(Records drawn from a dataset)
··········

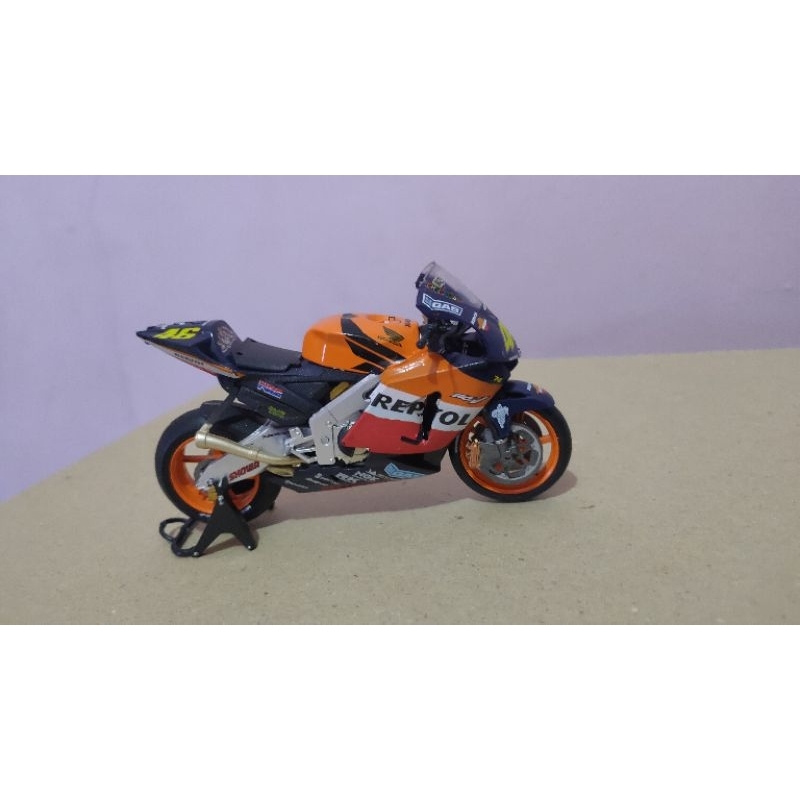 diecast motogp Rossi 2003 leo models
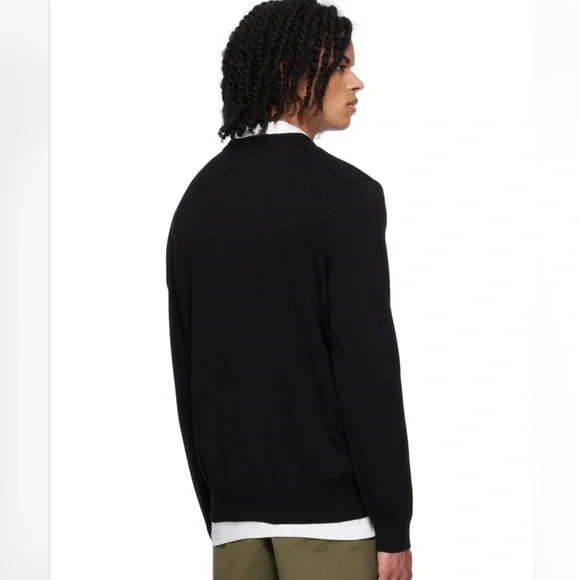 Lacoste Black V-Neck Sweater Size Medium - Picture 7 of 9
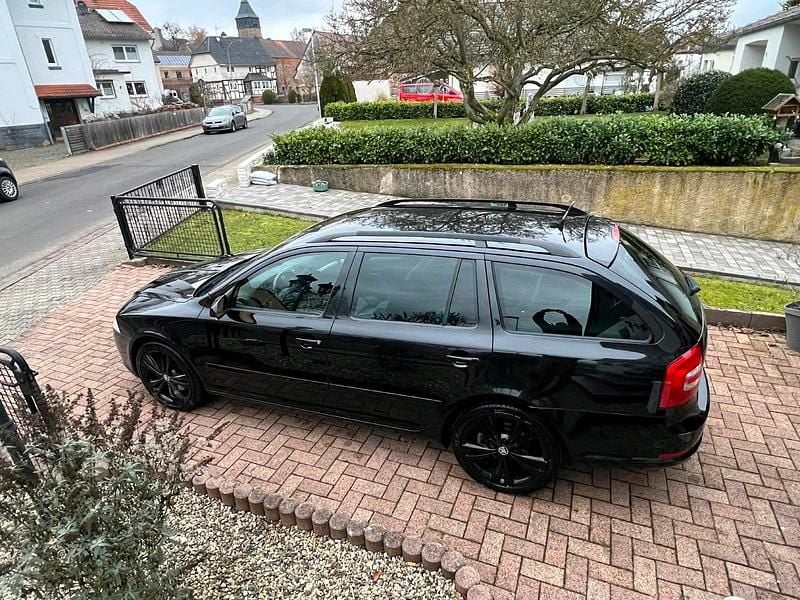 Schwarz Gebraucht 2008 Skoda Octavia RS Kombi | 5.000 € (Teuer) - Bild 1/4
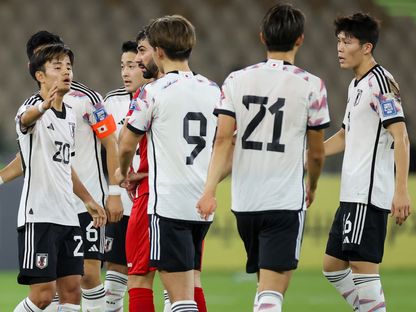 لاعبون يابانيون يحتفلون بتسجيل هدف في مرمى سوريا خلال تصفيات كأس العالم 2026 - 21 نوفمبر 2023 - AFP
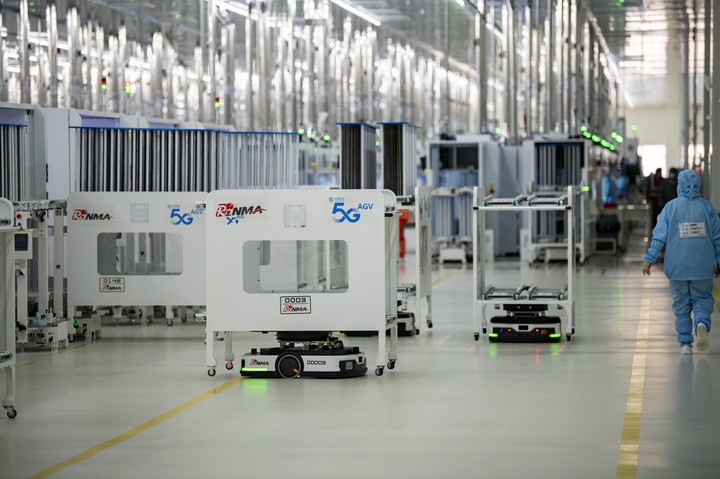 2024年1月10日，在位于浙江省金華市金義新區(qū)的潤(rùn)馬光能集團(tuán)金華工廠智能化生產(chǎn)車間里，AGV（自動(dòng)導(dǎo)引運(yùn)輸）小車忙碌穿梭在生產(chǎn)單元之間。圖源新華社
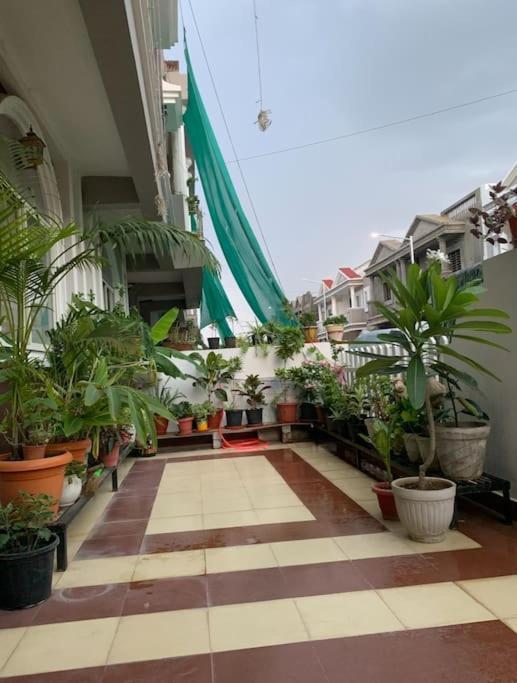 בהופאל Furnished Villa Near Airport, Away From City מראה חיצוני תמונה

··········

The lines from the start of the records above through the line that holds "2024年1月10日，在位" are to be copied exactly, both ends included, and no pictures are to be copied.

 diecast motogp Rossi 2003 leo models
 Lacoste Black V-Neck Sweater Size Medium - Picture 7 of 9
 Schwarz Gebraucht 2008 Skoda Octavia RS Kombi | 5.000 € (Teuer) - Bild 1/4
 لاعبون يابانيون يحتفلون بتسجيل هدف في مرمى سوريا خلال تصفيات كأس العالم 2026 - 21 نوفمبر 2023 - AFP
 2024年1月10日，在位于浙江省金華市金義新區(qū)的潤(rùn)馬光能集團(tuán)金華工廠智能化生產(chǎn)車間里，AGV（自動(dòng)導(dǎo)引運(yùn)輸）小車忙碌穿梭在生產(chǎn)單元之間。圖源新華社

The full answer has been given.